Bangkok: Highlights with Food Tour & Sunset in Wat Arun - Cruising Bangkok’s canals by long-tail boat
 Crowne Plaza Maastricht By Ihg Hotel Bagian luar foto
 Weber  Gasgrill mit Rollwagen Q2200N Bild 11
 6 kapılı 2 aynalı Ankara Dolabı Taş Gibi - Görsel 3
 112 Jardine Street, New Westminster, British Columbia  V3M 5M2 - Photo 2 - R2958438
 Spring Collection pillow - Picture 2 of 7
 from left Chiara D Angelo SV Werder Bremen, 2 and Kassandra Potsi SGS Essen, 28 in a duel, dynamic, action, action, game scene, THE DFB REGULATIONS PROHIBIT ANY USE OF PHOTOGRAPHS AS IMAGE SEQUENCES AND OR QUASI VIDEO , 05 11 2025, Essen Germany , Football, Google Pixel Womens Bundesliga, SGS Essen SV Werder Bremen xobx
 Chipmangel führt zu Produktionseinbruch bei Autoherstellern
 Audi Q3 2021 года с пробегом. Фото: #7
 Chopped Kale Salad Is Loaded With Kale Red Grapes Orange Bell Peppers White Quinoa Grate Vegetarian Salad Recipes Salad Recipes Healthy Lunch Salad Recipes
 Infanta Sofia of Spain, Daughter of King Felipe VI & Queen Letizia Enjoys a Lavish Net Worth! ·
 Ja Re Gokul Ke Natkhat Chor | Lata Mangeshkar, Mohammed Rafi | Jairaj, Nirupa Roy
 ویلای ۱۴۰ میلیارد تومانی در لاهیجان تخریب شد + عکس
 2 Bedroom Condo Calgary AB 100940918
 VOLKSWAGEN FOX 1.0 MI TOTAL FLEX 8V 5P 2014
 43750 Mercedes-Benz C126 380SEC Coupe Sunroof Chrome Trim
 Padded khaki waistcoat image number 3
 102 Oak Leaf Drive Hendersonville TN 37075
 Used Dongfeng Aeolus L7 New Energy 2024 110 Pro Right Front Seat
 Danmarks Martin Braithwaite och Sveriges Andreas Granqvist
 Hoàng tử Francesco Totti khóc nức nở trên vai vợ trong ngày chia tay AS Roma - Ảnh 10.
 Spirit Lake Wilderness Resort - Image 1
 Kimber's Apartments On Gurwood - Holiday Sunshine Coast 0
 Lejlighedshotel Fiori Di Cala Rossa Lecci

★ ★ ★ ★ ★

Problem to work on — Print exactly the lines above from the one with "Ja Re Gokul" to the one with "Padded khaki waistcoat image number 3", including both.

Task output —
 Ja Re Gokul Ke Natkhat Chor | Lata Mangeshkar, Mohammed Rafi | Jairaj, Nirupa Roy
 ویلای ۱۴۰ میلیارد تومانی در لاهیجان تخریب شد + عکس
 2 Bedroom Condo Calgary AB 100940918
 VOLKSWAGEN FOX 1.0 MI TOTAL FLEX 8V 5P 2014
 43750 Mercedes-Benz C126 380SEC Coupe Sunroof Chrome Trim
 Padded khaki waistcoat image number 3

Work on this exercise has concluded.